Я сморгнул воду и услышал собственный хрип, сквозь который тут же прорвался безумный вопль. Видимо, я уже какое-то время кричал, потому что дна под ногами не было. Я принялся изо всех сил биться руками и ногами, пытаясь выползти на лед и одновременно выкрутить ступни из лыжных ботинок.
— Слава богу, у тебя нога узкая, а ботинки я купила на размер больше, — любила повторять потом мама.
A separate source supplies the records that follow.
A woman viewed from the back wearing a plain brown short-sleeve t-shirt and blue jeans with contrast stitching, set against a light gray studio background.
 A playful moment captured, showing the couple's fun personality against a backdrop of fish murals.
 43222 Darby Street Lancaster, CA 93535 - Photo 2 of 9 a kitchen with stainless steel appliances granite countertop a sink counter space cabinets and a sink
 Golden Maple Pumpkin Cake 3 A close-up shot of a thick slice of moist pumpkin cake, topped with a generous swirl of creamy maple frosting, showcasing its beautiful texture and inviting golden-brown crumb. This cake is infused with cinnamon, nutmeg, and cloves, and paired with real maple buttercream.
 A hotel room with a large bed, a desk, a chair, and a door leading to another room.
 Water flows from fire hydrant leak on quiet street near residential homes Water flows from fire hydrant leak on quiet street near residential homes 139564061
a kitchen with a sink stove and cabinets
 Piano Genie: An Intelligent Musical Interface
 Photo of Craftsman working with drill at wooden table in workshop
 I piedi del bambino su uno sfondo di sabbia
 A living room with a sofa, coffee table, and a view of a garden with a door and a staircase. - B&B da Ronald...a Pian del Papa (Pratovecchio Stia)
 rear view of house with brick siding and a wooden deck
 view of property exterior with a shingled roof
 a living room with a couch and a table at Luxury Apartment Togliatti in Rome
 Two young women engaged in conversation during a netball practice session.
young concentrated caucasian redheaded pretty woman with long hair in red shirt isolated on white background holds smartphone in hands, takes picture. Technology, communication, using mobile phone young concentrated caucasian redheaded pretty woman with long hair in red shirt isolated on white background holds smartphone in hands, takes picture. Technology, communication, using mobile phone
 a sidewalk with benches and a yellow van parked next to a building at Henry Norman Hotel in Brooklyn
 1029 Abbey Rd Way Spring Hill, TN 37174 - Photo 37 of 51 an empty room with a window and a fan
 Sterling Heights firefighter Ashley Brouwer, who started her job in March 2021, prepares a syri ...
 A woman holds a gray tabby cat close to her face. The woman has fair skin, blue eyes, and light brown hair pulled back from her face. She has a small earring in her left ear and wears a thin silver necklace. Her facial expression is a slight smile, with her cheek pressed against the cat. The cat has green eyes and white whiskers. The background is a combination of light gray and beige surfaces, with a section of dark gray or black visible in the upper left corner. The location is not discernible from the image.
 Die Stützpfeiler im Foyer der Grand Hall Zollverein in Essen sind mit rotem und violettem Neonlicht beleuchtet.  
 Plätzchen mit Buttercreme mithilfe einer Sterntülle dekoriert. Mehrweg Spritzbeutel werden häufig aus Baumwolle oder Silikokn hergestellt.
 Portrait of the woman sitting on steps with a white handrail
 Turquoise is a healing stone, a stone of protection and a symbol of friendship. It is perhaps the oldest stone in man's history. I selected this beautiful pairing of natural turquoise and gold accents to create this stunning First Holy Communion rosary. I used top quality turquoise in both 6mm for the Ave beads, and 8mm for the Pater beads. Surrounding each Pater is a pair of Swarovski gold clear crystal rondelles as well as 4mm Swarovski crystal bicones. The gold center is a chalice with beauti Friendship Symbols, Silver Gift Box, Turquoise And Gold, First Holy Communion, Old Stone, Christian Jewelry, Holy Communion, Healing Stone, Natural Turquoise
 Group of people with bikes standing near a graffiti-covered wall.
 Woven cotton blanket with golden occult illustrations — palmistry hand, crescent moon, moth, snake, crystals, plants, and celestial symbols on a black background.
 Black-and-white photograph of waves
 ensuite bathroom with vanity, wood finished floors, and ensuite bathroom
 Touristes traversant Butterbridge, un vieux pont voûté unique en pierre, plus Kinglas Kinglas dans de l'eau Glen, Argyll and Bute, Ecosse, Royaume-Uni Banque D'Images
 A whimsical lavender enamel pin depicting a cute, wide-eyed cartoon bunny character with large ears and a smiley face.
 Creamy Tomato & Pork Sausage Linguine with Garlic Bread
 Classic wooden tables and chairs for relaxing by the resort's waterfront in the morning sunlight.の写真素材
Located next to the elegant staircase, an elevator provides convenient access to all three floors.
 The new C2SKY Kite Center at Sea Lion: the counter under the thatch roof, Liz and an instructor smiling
Ботинки я сбросил, а лед всякий раз методично ломался под руками, и я снова погружался в воду. Все это длилось, наверное, какие-то секунды, но мне показалось, что я бултыхаюсь между льдинами уже целую вечность и не выберусь отсюда никогда. Я догадался развернуться вокруг себя и, молотя руками по развороченному льду, стал дергаться в сторону заснеженного берега и скоро почувствовал под ногами дно. Потом в одних носках я вылез на берег и бросился босиком бежать по заснеженной дорожке в сторону школы. Я никогда не бегал так подолгу, так быстро и так далеко. Я летел, не ощущая ни страха, ни усталости, ни холода. В самом начале парка возле улицы открывалась небольшая площадка. Здесь я увидел, наконец, своих одноклассников. Они ходили, образовав огромную, движущуюся по кругу цепочку, в центре которой как истукан торчал физрук.
Я пробежал мимо них. Физрук что-то мне прокричал, но я его не услышал. До школы оставалось еще метров двести, а что будет потом, когда я туда добегу, я понятия не имел.
Первой, кого я увидел, распахнув дверь школы, была моя мама. Она сидела на одном из деревянных кресел, стоявших как раз напротив входа.
— Мама! Мама! — закричал я и кинулся к ней.
Мама встала мне навстречу.
— Андрюша! — строго спросила она. — Где твои лыжи?